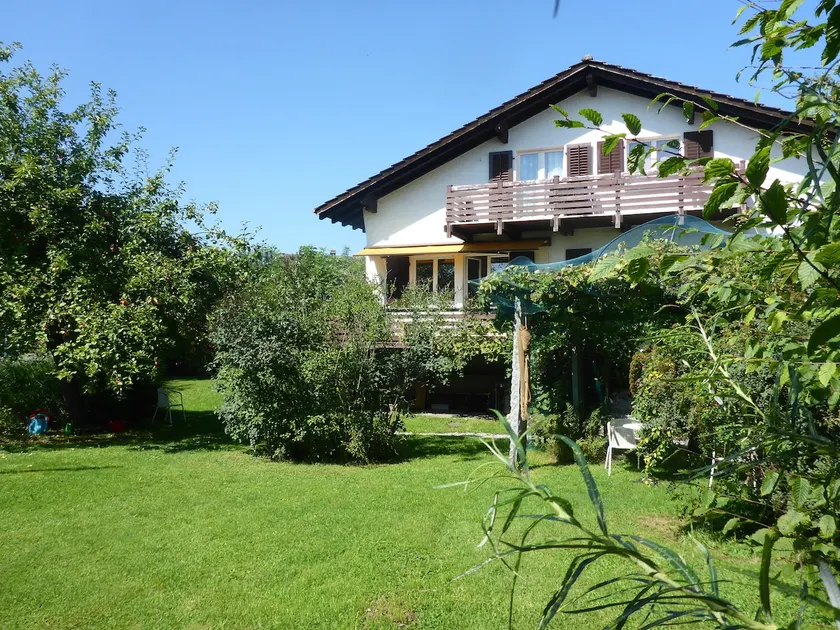 Garden apartment, guest house Rank at the foot of Mount Pilatus - Image 1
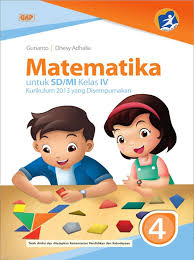 Matematika Sd Mi Kelas Iv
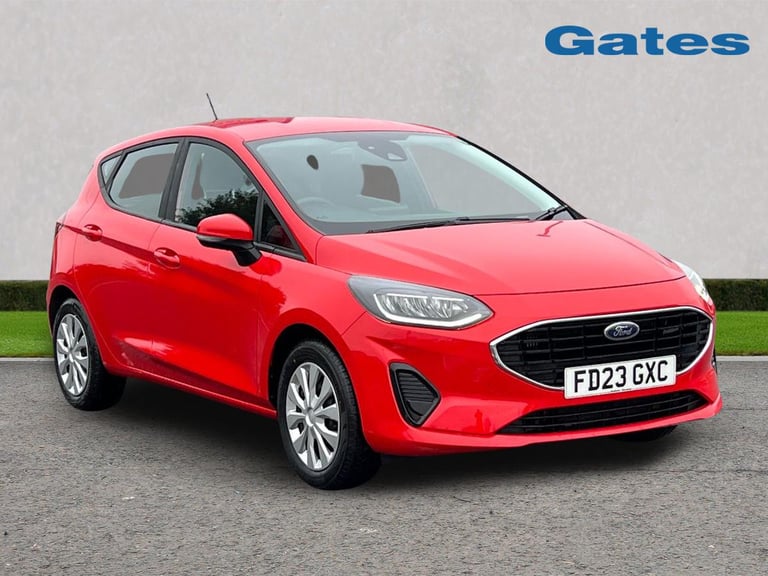 image for 2023 Ford Fiesta 5Dr Trend 1.0 100PS Hatchback Petrol Manual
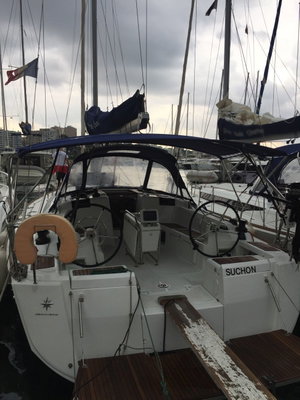 Sun Odyssey 449 „SUCHON“ – fotka 5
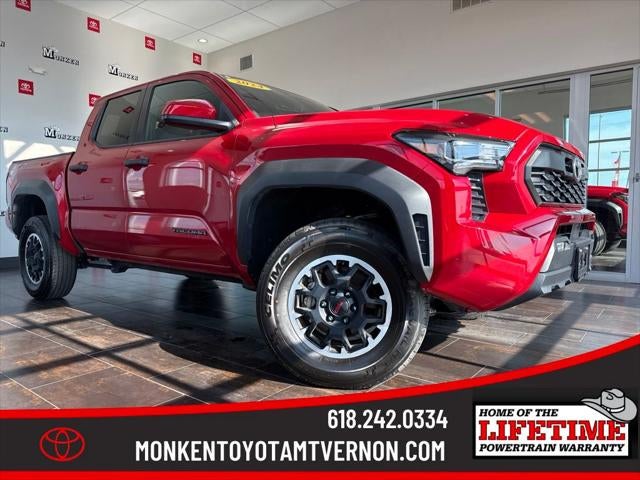 2024 Toyota Tacoma TRD Off-Road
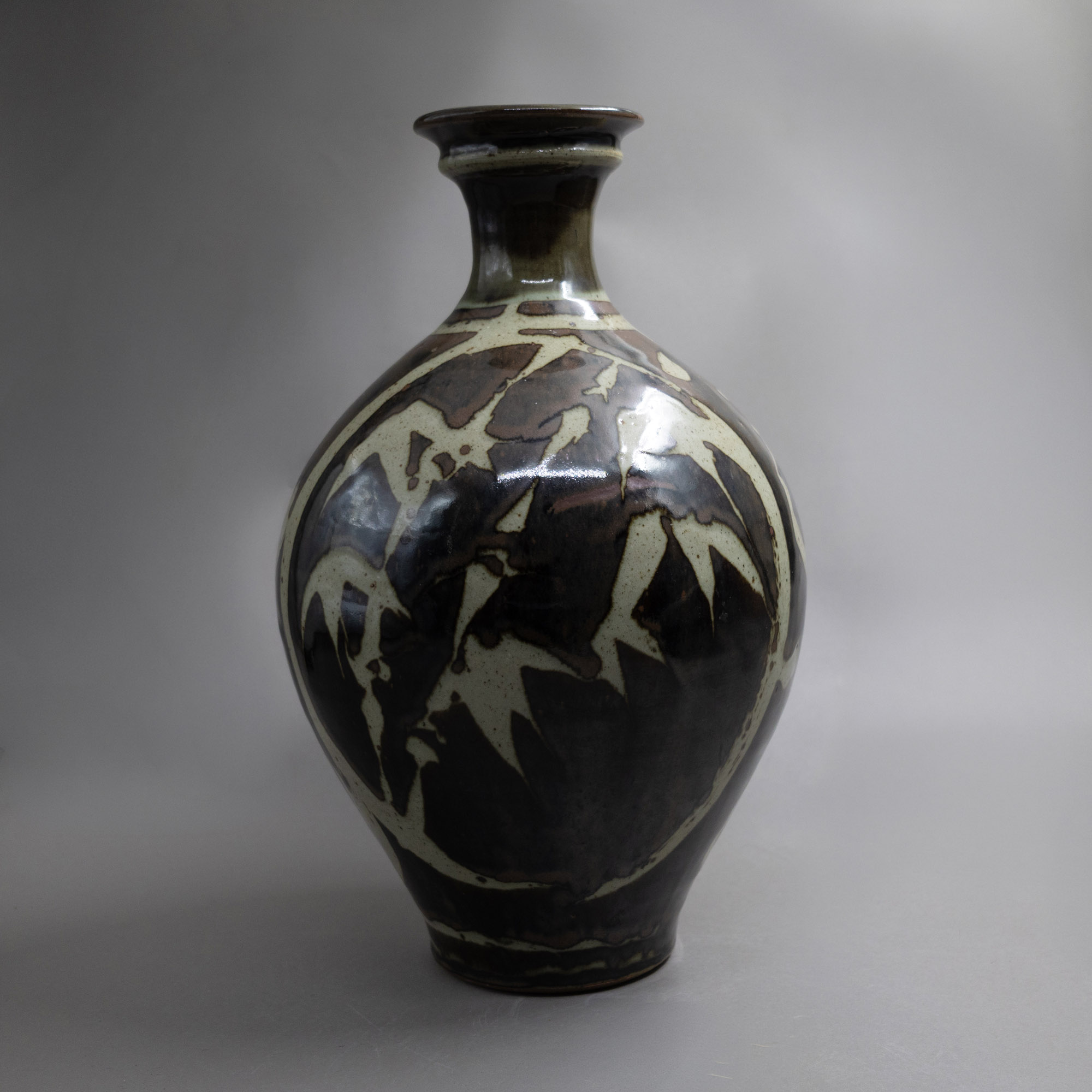 John Sweden - Large vase — sold at auction in New Zealand for $100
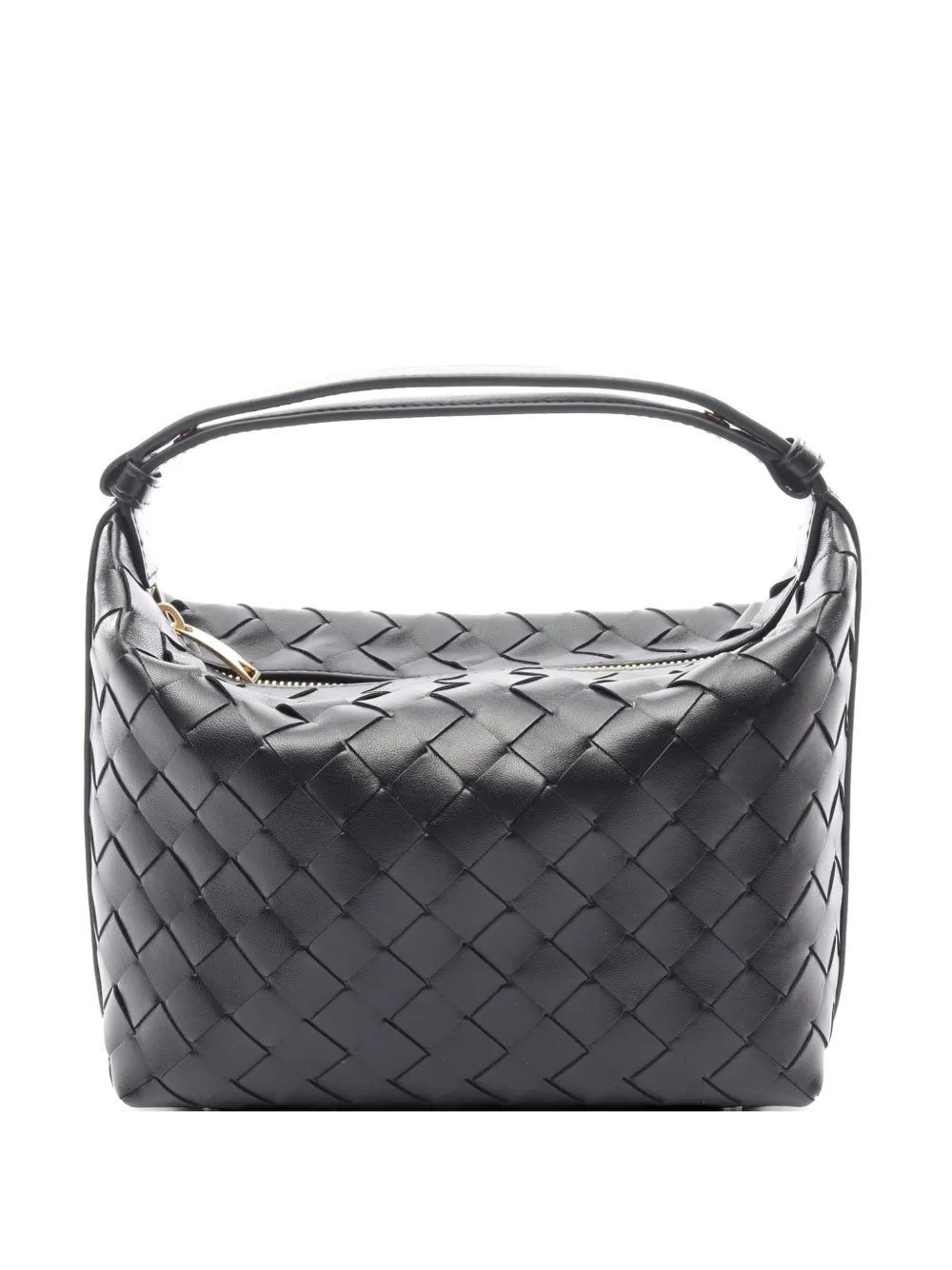 mini Wallace intrecciato handbag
::::::
TASK REQUIREMENTS -> Could you transcribe exactly the lines from the line containing "image for 2023" through the final line of the records, both included, and nothing beyond them? The pictures should be left out.

SOLVED EXERCISE ->
 image for 2023 Ford Fiesta 5Dr Trend 1.0 100PS Hatchback Petrol Manual
 Sun Odyssey 449 „SUCHON“ – fotka 5
 2024 Toyota Tacoma TRD Off-Road
 John Sweden - Large vase — sold at auction in New Zealand for $100
 mini Wallace intrecciato handbag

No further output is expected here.